完整的实现大约 300 行,大部分是文档字符串和基于相同核心构建的便捷方法。作者鼓励将其复制到你的代码库中!

完整 ValueWatcher 源码

from __future__ import annotations

import asyncio
import threading
import typing

T = typing.TypeVar("T")

# Used by `wait_for_not_none` to narrow `ValueWatcher[X | None]` to `X`.
S = typing.TypeVar("S")

class ValueWatcher(typing.Generic[T]):
    """
    Thread-safe observable value with async watchers.

    Watchers can await value changes via methods like `wait_for` and
    `wait_for_change`. Alternatively, they can add callbacks via `on_change` and
    `on_value`.

    Any thread can set `.value`, and the watcher will react accordingly.
    """

    def __init__(
        self,
        initial_value: T,
        *,
        on_change: typing.Callable[[T, T], None] | None = None,
    ) -> None:
        """
        Args:
            initial_value: The initial value.
            on_change: Called when the value changes. Good for debug logging.
        """

        self._lock = threading.Lock()
        self._on_changes: list[typing.Callable[[T, T], None]] = []
        if on_change:
            self._on_changes.append(on_change)

        # Every watcher gets its own (loop, queue) pair. Storing the loop lets
        # the setter use `call_soon_threadsafe` for cross-thread notification.
        # Queue items are (old, new) tuples.
        self._watch_queues: list[
            tuple[asyncio.AbstractEventLoop, asyncio.Queue[tuple[T, T]]]
        ] = []

        # Hold references to fire-and-forget tasks to prevent GC.
        self._background_tasks: set[asyncio.Task[T]] = set()

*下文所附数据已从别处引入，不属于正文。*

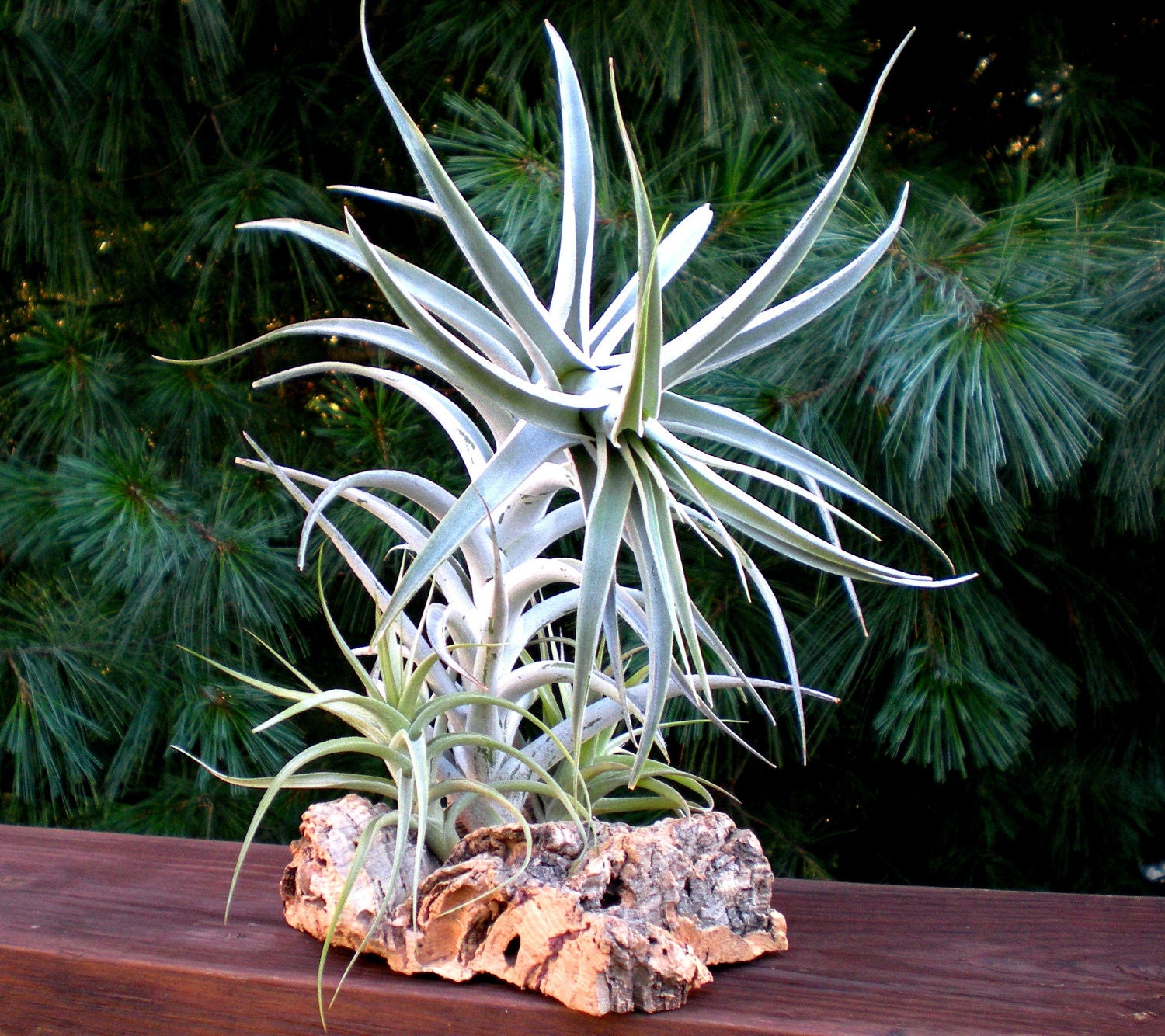 Tabletop Garden: Air Plants on Sustainable Virgin Cork Bark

        self._value = initial_value

    @property
    def value(self) -> T:
        with self._lock:
            return self._value

    @value.setter
    def value(self, new_value: T) -> None:
        with self._lock:
            if new_value == self._value:
                return

            old_value = self._value
            self._value = new_value

            # Snapshot lists under lock to avoid iteration issues
            queues = list(self._watch_queues)
            callbacks = list(self._on_changes)

        # Notify all watchers outside the lock to avoid deadlock.
        for loop, queue in queues:
            try:
                # `call_soon_threadsafe` wakes the target loop's selector
                # immediately. A plain `put_nowait` wouldn't poke the self-pipe,
                # so a cross-thread watcher could stall until something else
                # wakes its loop.
                #
                # In other words, without `call_soon_threadsafe`, a watcher
                # could get the changed value notification long after the value
                # actually changed.
                loop.call_soon_threadsafe(
                    queue.put_nowait, (old_value, new_value)
                )
            except RuntimeError:
                # Target event loop is closed.
                pass

        for on_change in callbacks:
            try:
                on_change(old_value, new_value)
            except Exception:
                # Suppress exceptions from callbacks so one failure doesn't skip
                # the rest.
                pass

    def set_if(
        self,
        new_value: T,
        condition: typing.Callable[[T], bool],
    ) -> bool:
        """
        Atomically set the value only if the current value satisfies the
        condition. Returns True if the value was set.
        """

        with self._lock:
            if not condition(self._value):
                return False

            if new_value == self._value:
                return True

            old_value = self._value
            self._value = new_value

            queues = list(self._watch_queues)
            callbacks = list(self._on_changes)

        for loop, queue in queues:
            try:
                loop.call_soon_threadsafe(
                    queue.put_nowait, (old_value, new_value)
                )
            except RuntimeError:
                pass

        for on_change in callbacks:
            try:
                on_change(old_value, new_value)
            except Exception:
                pass

        return True

    def on_change(self, callback: typing.Callable[[T, T], None]) -> None:
        """
        Add a callback that's called when the value changes.

        Args:
            callback: Called with (old_value, new_value) on each change.
        """

        with self._lock:
            self._on_changes.append(callback)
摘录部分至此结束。